When a Yorkie is transitioning from puppy to adult, all four colors may be present as the black is being replaced with blue and the tan is being replaced with gold. The individual hairs do not change color; new hairs grow out. 

When people say that this breed does not shed, this is not entirely accurate since of course puppy hairs fall out as the adult coat grows in. If this natural process did not happen, a 4 year old Yorkshire Terrier would have the same coat of hairs as he did as a puppy... can you imagine how unhealthy that coat would be? The coat - much like your hair - is in a constant state of renewal: Growth, rest and fall. Since this happens slowly over a longer period of time in comparison to his heavy-shedding counterparts that have fur, generally you will not notice clumps of hair or anything to that effect. 
It will, however, be normal to see some hairs in the brush when you groom your Yorkie. Depending on how much tan or black your dog holds, those hairs will vary on how noticeable they are in your grooming tools. 

Adult Coloring

As an adult with a full adult coat of hair, the tan or gold on the Yorkie will be of great importance in AKC conformation dog show events. Most importantly on the dog's head and legs. An adult Yorkie has a clear distinction of the black/blue and tan/gold coloring with no intermingling. Now, these are the guidelines for AKC conformation...There are lots of Yorkshire Terriers that do not meet the strict guidelines. 
Unique Hues and Combinations

While rare, some purebred Yorkies hold very little black or blue.
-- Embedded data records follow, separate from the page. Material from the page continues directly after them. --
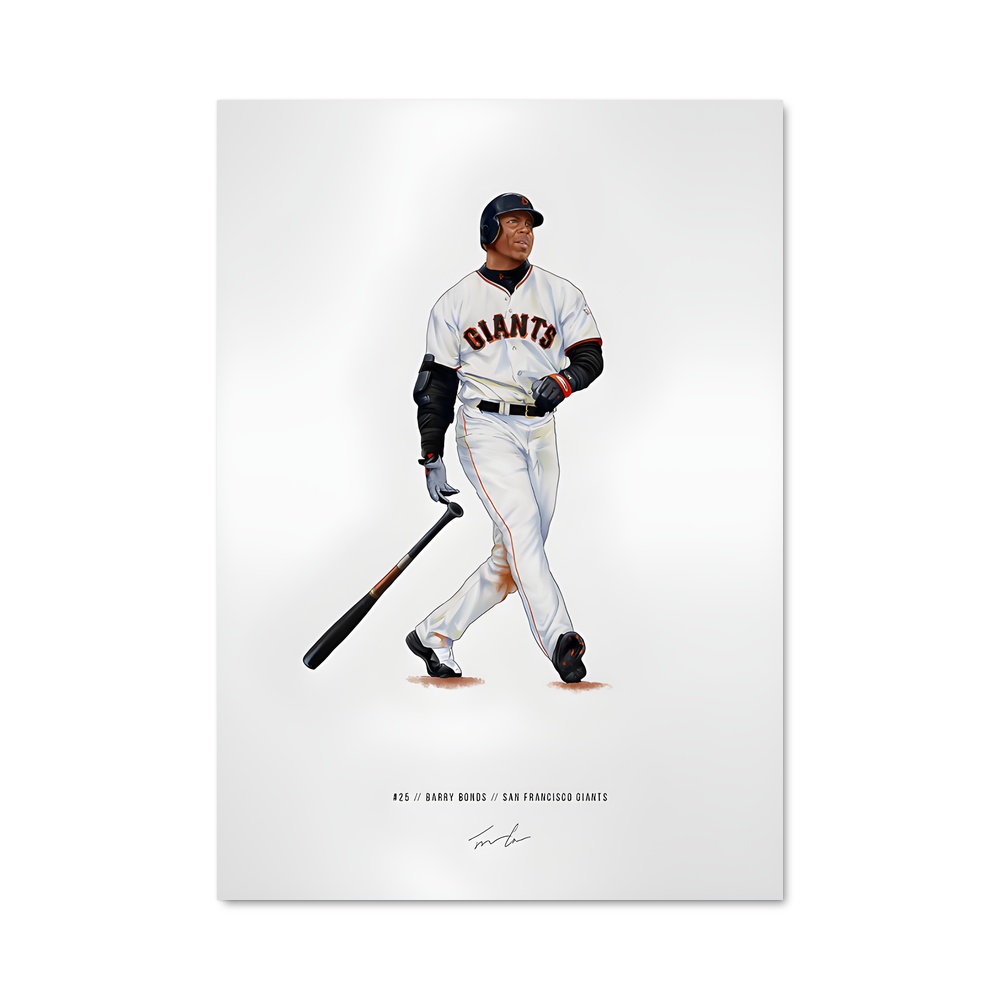 Poster Barry bonds ligue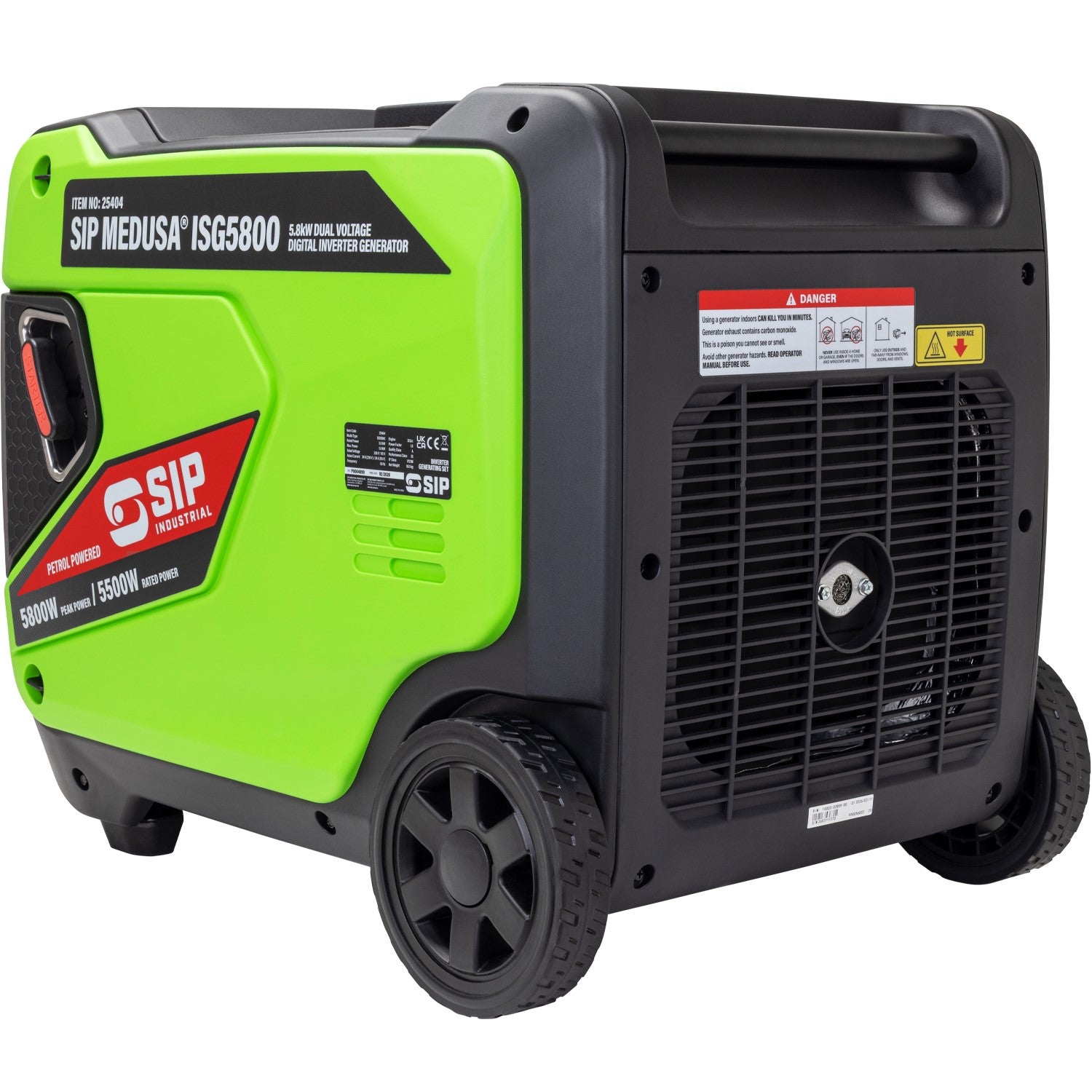SIP 25404 MEDUSA ISG5800 Digital Inverter Generator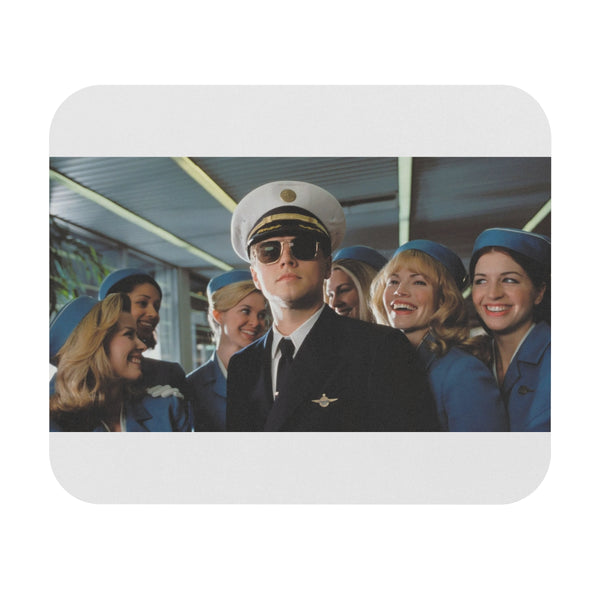 Sky-High Leonardo Mouse Pad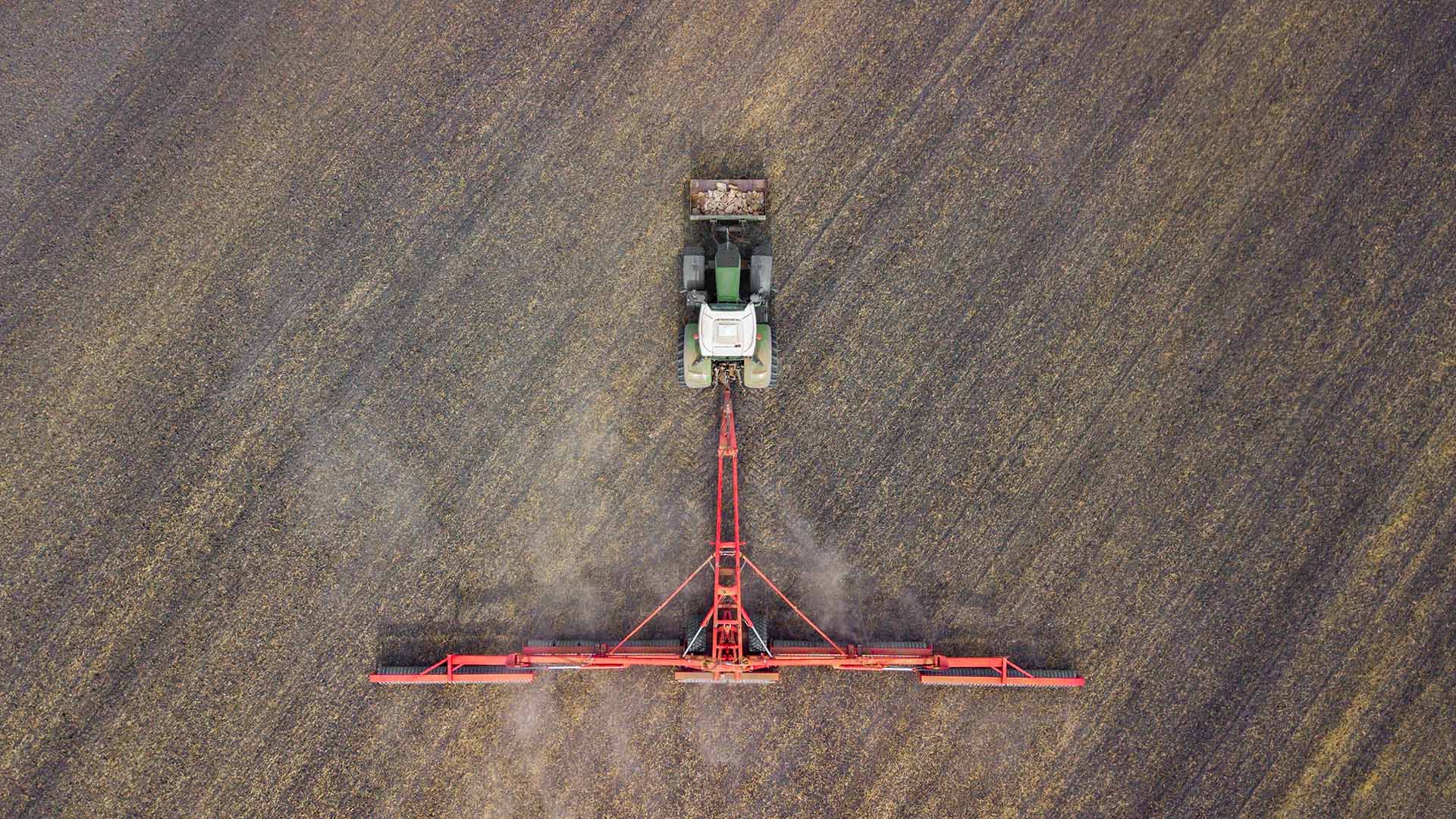 Máquina Fendt AGCO Vamos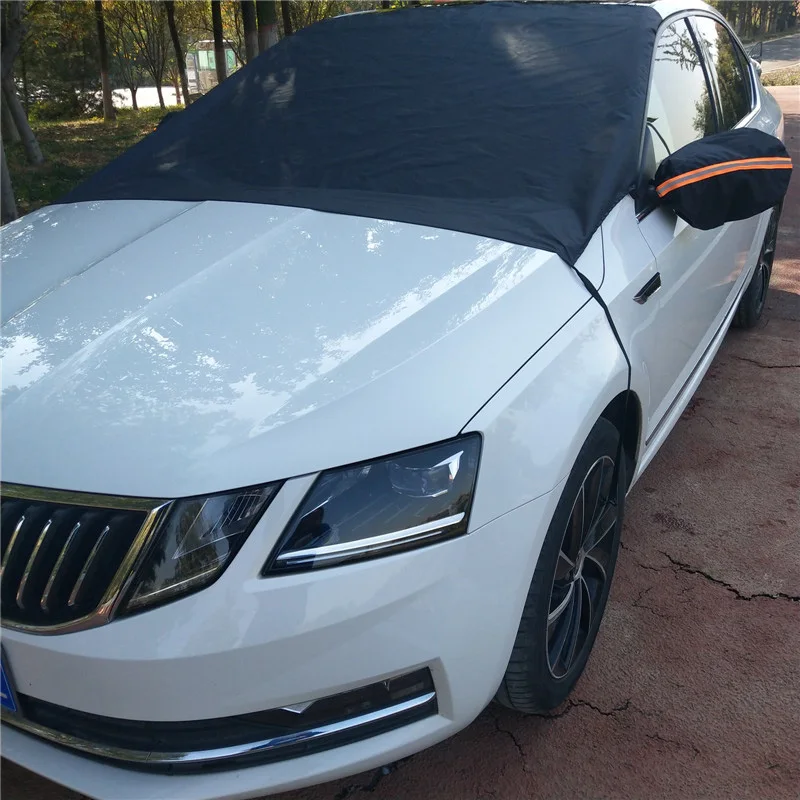 Лобовое стекло автомобиля Снежный чехол солнцезащитный защитный DXY88|Козырьки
It rarely goes the other way of the dog having mostly black or blue with little gold or tan, as the blue/black genome stays recessive.

This gives us some Yorkshire Terriers that are majorly or fully tan, cream or gold. Some will have a small amount of black or blue running down the back of the coat.

While these dogs are truly gorgeous, it is recommended not to breed them.  This is because if enough breeding were done with non-standard colors this would eventually eliminate the standard coloring of this breed (that has held for centuries). 

And if done enough, by enough breeders, the Yorkie breed as we know it today would eventually not hold true to the steadfast standards that exist. Some suggest that an off-color may hold certain genetic defects that would be passed down. This is in theory only and does not mean that a solid colored Yorkie has any health conditions at all. 
Solid tan Yorkshire Terrier
Bear | Owner: Alexandra Goldy
One element to note is that a solid colored Yorkshire Terrier can definitely be registered with the AKC, however the coat color is a disqualification in the show ring. 
Yorkies with White on the Coat - If you see a dog that looks exactly like a Yorkie but has white on the coat, you're most likely looking at a Biewer Terrier.